Monday, January 01, 2007

Live, from the Swamp Forest!

Deep, damp, drizzling rain; the dry beech leaves are orange, fluttering against the violet greys and moss greens of my young forest.

In spite of my bum knee, I made a trip to National Gallery of Art
to see Constable’s 6 foot canvases, before the show comes down today. Oh my, seeing those marvelous beauties, the sketch and the polished academy piece side-by-side, reminds me of why I love to paint. How is it that I lost the love of painting in all the confusion? Like yesterday’s dream, all is swirling around, and the nugget of value gets lost, momentarily.

Why do I love to paint? What did Constable teach me? He reinforced the classic colors of the landscaper’s palette. I learned the joy of wild skies from him, how the paint itself just falls into rhythm like the moving air. And maybe most beloved, the backlit forest of grand trees, with bright windows of skylight breaking through. And oh, (this feels like Christmas morning, and a new gift found under the tree!) the sparkle, the way his later or looser works had almost a froth of bright paint, like the high reflection off sunlit water, that danced over everything like a Jackson Pollock skein!
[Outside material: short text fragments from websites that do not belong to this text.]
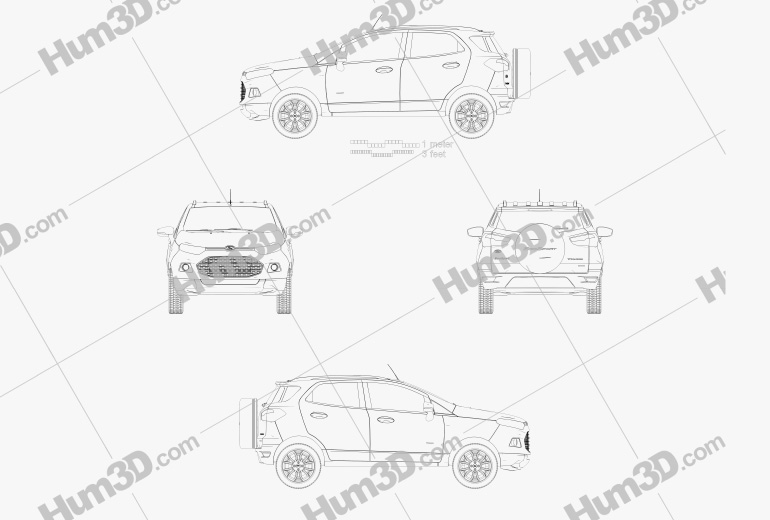 Ford Ecosport Titanium 2013 Disegno Tecnico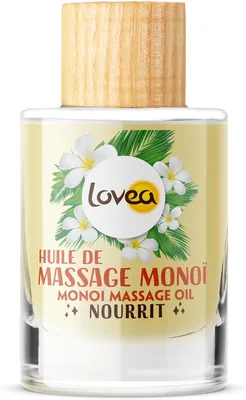 LOVEA - Huile de Massage Corporel Polyvalent - Monoï - Nourrit - Tous Types de Peau - 97% Origine Naturelle - Sans Colorants - Végétalien - Fabriqué en France
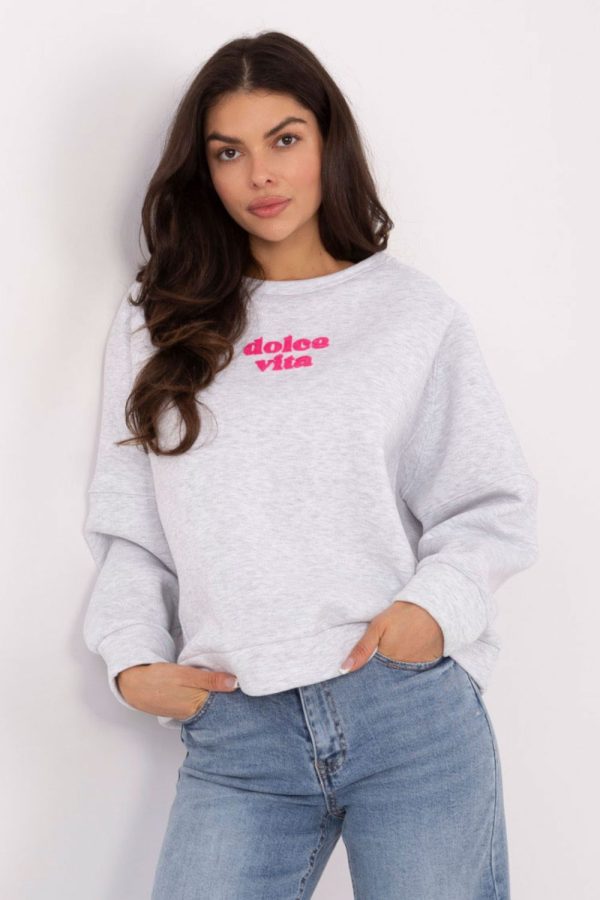 Grey Sweatshirt in Sweatshirts For Women with Cotton and Polyester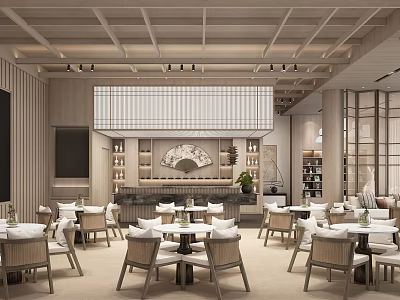 Japanese Inspired Modern Restaurant Interior With Wooden Ceiling Dining Tables Chairs And Green Plants 3d model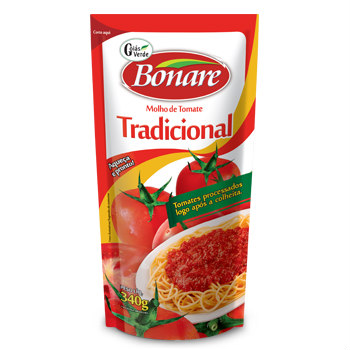 Molho de tomate tradicional Bonare 340g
And, how a flat landscape can make a beautiful composition, with a tiny angled boat tucked here in the weeds, or a fishing figure wearing a touch of red there and bring the eye around and make a flat landscape interesting. Then there is the old wood, the mossy beams of locks, the noble ancient trunks, fallen or still arching, rendered lovingly, simply in umbers and siennas --I feel them.
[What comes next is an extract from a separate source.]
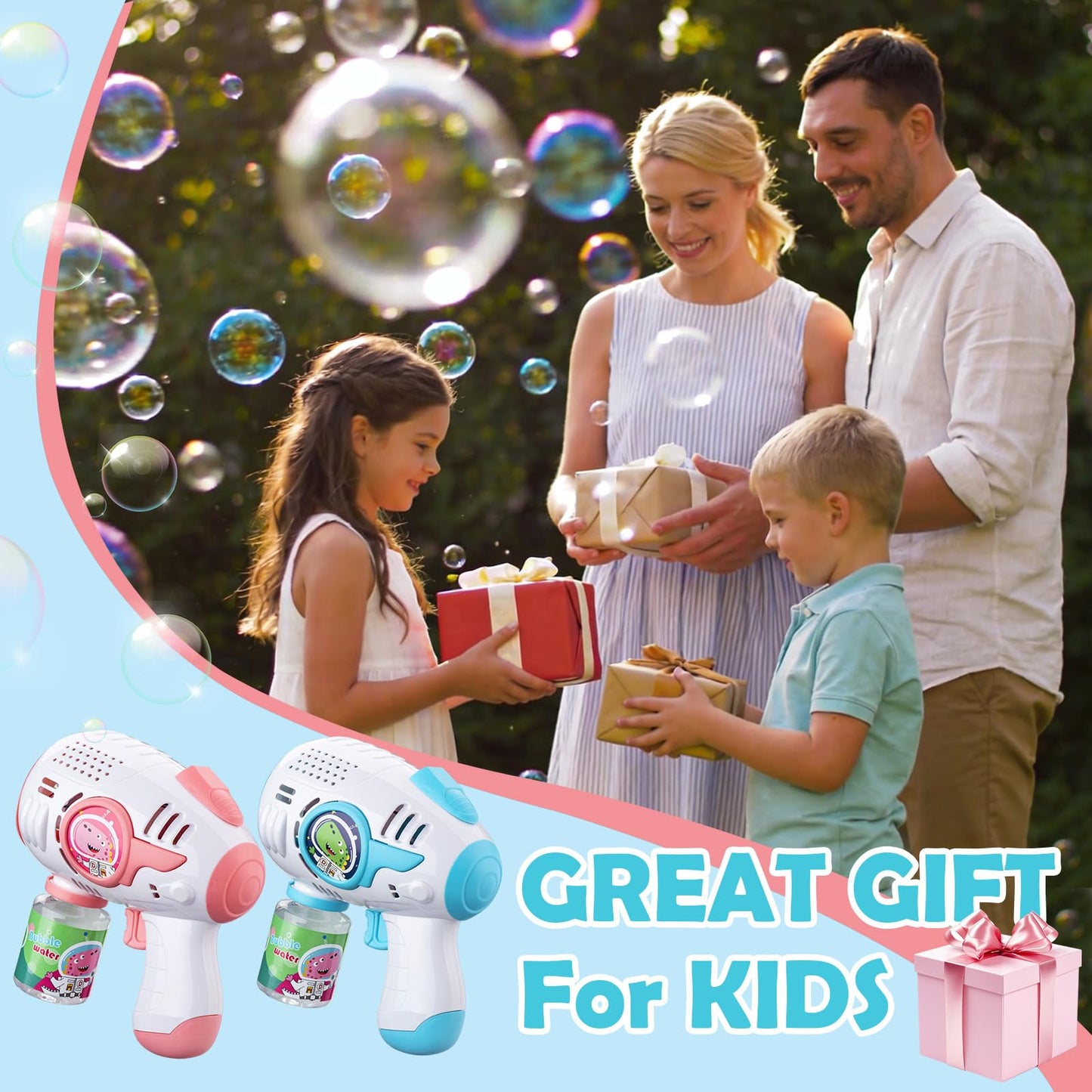 ZACEAC Bubble Guns for Kids 4-8, 2 Pack Automatic Bubble Blaster with LED Light & 14 Bubble Solution, Bubble Gun for Toddlers Outdoor Summer Toys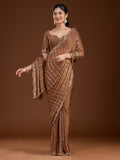 Brown Cutdana Tissue Saree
Constable paintings all look like June or July in the northern latitudes. Here, I can actually get more seasonality into plein-aire pictures since the winter is balmy enough for outdoor work.

I am thinking about my canvas The Early Gods, with the great willow trunks standing like menihirs. There are great trees of the Moyaone that could be honored in this way. Maybe I team up with Elena on this, and include the Chapman's giants, maybe I make portrait of the grand oak on the corner, with its oh-so English church as a backdrop. There are Jose’s fine trees, like Ganesha. And Grace’s valley too.

Stand in the deep forest, surrounded by behemoth poplars and oaks. See how they rise, silently arcing, reaching for the light, making a cathedral arch. Our houses of stone for god are reaching for the light, and they learned this from the trees.

Who taught us to look up? Who taught us to climb, aspire, be strong and upright, have integrity, grain and flex with the tempest wind? Who sheltered us in his arms, off the damp and dangerous floor of the world? Who made fruit and nut to feed us? Who gives us warmth today, but the bones of oak and pine?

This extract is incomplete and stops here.